With the Blues in Germany ahead of tonight's meeting with Bayern Munich, here’s the story behind one of our first visits to the country, to play a friendly against the West German national team.

The unusual fixture took place in 1965, when Helmut Schon saw two friendlies with Chelsea as the ideal preparations for his West Germany team, featuring star man and Bayern legend Franz Beckenbauer, ahead of the following year’s World Cup.

In hindsight, knowing that West Germany’s opponents in the final of the 1966 World Cup turned out to be England, assisting their preparations may seem unpatriotic. However, that was of little concern to Chelsea’s outspoken manager and fiercely proud Scotsman Tommy Docherty.

After all, this is a man who listed beating West Ham on the opening day of the 1966/67 season, when Bobby Moore, Geoff Hurst and Martin Peters had paraded the World Cup trophy around the ground before kick-off, as one of his best moments as Chelsea manager. He even gave the Germans use of Stamford Bridge for training during the World Cup.

It was Docherty’s friendship with Schon and Wilfried Gerhardt, the head of the West German football association, that played a big part in setting up the two matches in ’65. Gerhardt, in particular, played a part in arranging several pre-season trips to Germany for the Blues in the Sixties, allowing us to pick up our new training gear direct from the factory before playing a few of the local sides.

Our exciting, young and creative style seemed to catch the eye in Germany, especially of Schon. In addition to giving his players plenty of room to improvise on the pitch, Docherty had taken ideas from all over the world when building his innovative ‘Doc’s Diamonds’ team, and that patchwork of international influences and unpredictability provided exactly the challenge Schon wanted to get his players ready for the World Cup.
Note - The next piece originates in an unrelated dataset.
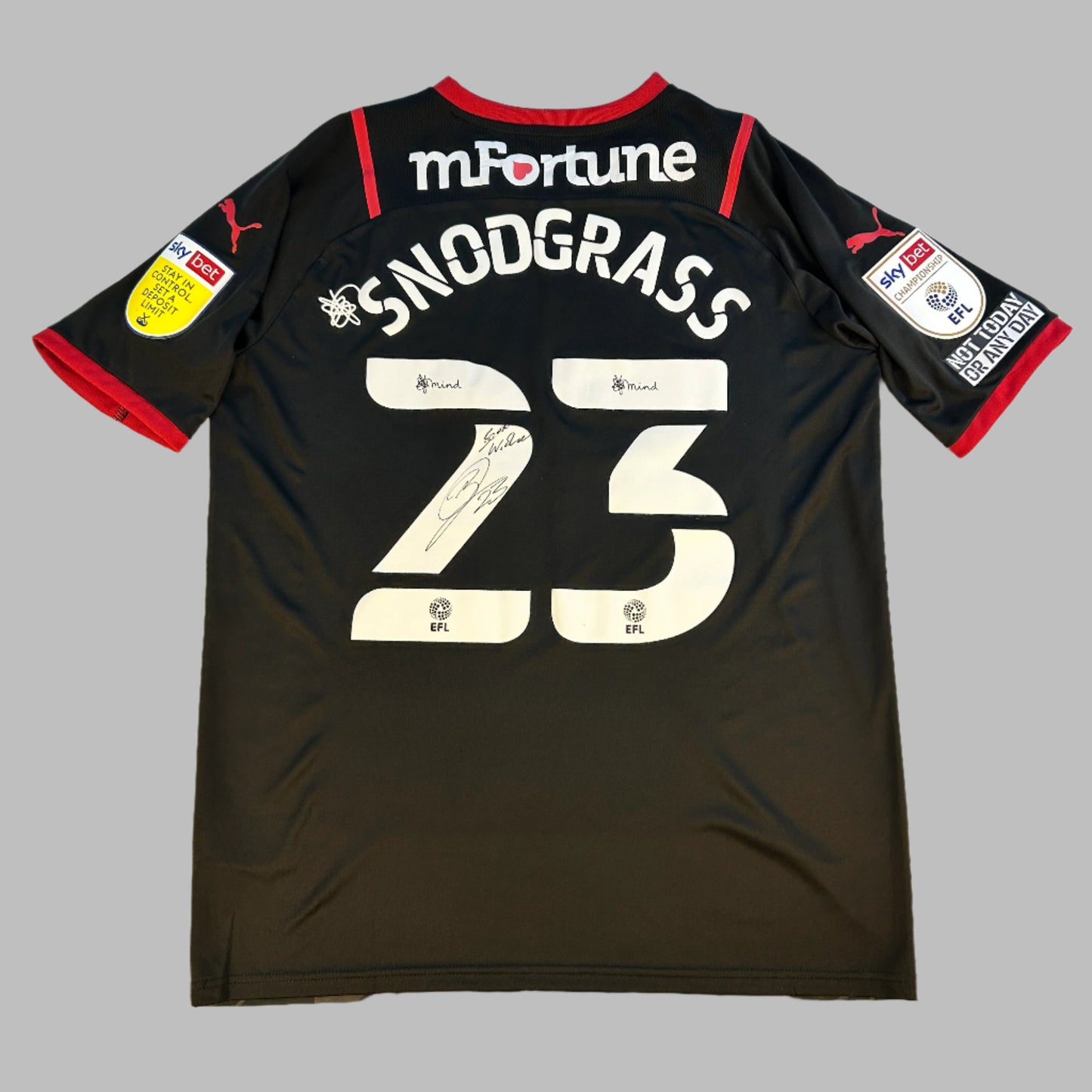 West Brom 2021/2021 Player Issue Away Shirt - Snodgrass 23 - Signed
The football world was smaller in those days. Long-distance overseas travel was still a rarity and footage of foreign matches almost non-existent. In Schon’s eyes, a game against Chelsea was the best substitute for taking on the teams of South America or Eastern Europe.

‘He said we weren’t like a British team,’ recalled Docherty. ‘He meant that we weren’t overly physical, that we played football from the goalkeeper outwards. The Germans loved it!’
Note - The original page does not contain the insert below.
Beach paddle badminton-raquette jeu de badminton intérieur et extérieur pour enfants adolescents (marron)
‘At that time, the full-backs, Ken Shellito and Eddie McCreadie, were like outside-right and outside-left rather than right-back and left-back. You’d read in the paper that the Chelsea full-backs were offside all the time!’
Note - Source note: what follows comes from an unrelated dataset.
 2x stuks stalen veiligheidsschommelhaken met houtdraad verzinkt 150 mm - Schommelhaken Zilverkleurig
It wasn’t just our Brazilian-style attacking full-backs which made us an appealing opponent either, although those who remember Ron Harris’ robust defending may feel Schon was playing with fire with his special request to his fellow manager.

‘They asked me if Chopper could mark Uwe Seeler because they felt when they played other national team, people would want to man-mark Seeler and they wanted a bit of practice at it. I said, “You’ve picked the right man in Chopper!”

‘Ronnie marked him the whole game. He didn’t do the things he would do in England, but he shadowed him everywhere. Seeler never got a kick.’

The appeal for Chelsea was obvious too. The same reasons that restricted Schon’s experience of playing against foreigners meant international teams were effectively an all-star XI for their domestic league. The chance for the Blues to see how they stacked up against such a high standard of opposition was impossible to resist.

The verdict was overwhelmingly positive. Harris did his job better than Schon could have anticipated as the West German attack was locked out in the first match in Duisburg in February. Barry Bridges’ late goal gave us a 1-0 win and plenty of admiration in Germany and back at home. One British newspaper ran with the rather gleeful headline ‘Chelsea whip the Germans!’ on their coverage of the game.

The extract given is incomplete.